Consolidate / batch process multiple updates in a single PR #52

codificat · 2021-11-19T10:29:00Z

Is your feature request related to a problem? Please describe.

Some prescription refresh runs generate a considerable amount of updates, each of which comes in the form of a new Pull Request to the prescriptions repo.

This causes a lot of noise.

Also, our triage party application takes a long time to refresh data, because it has to get info about all these PRs.

High-level Goals

The proposal is to consolidate multiple updates from a job run into a single PR.

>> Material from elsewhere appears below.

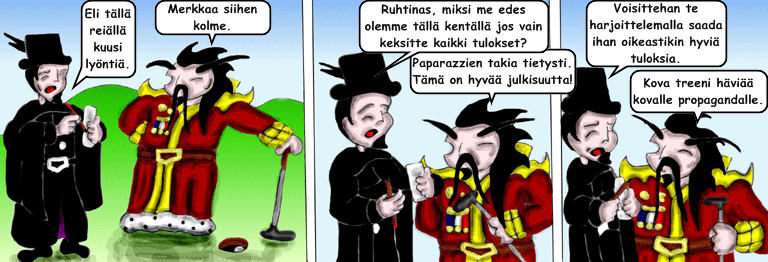 Darol VS Leopold comic strip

Describe the solution you'd like

1 PR per job run.

Describe alternatives you've considered

Keep things as they are and bear with the volume of PRs and associated notifications.

Additional context

At the time of this writing, there are over 18000 closed PRs in that repo.

Acceptance Criteria

multiple changes are consolidated in a single PR

sesheta · 2022-05-17T10:15:42Z

Issues go stale after 90d of inactivity.
Mark the issue as fresh with /remove-lifecycle stale.
Stale issues rot after an additional 30d of inactivity and eventually close.

If this issue is safe to close now please do so with /close.

/lifecycle stale

sesheta · 2022-06-16T12:48:41Z

Stale issues rot after 30d of inactivity.
Mark the issue as fresh with /remove-lifecycle rotten.
Rotten issues close after an additional 30d of inactivity.

If this issue is safe to close now please do so with /close.

/lifecycle rotten

sesheta · 2022-07-16T15:43:13Z

Rotten issues close after 30d of inactivity.
Reopen the issue with /reopen.
Mark the issue as fresh with /remove-lifecycle rotten.

/close

sesheta · 2022-07-16T15:43:15Z

@sesheta: Closing this issue.

In response to this:

Rotten issues close after 30d of inactivity.
Reopen the issue with /reopen.
Mark the issue as fresh with /remove-lifecycle rotten.

/close

Instructions for interacting with me using PR comments are available here. If you have questions or suggestions related to my behavior, please file an issue against the kubernetes/test-infra repository.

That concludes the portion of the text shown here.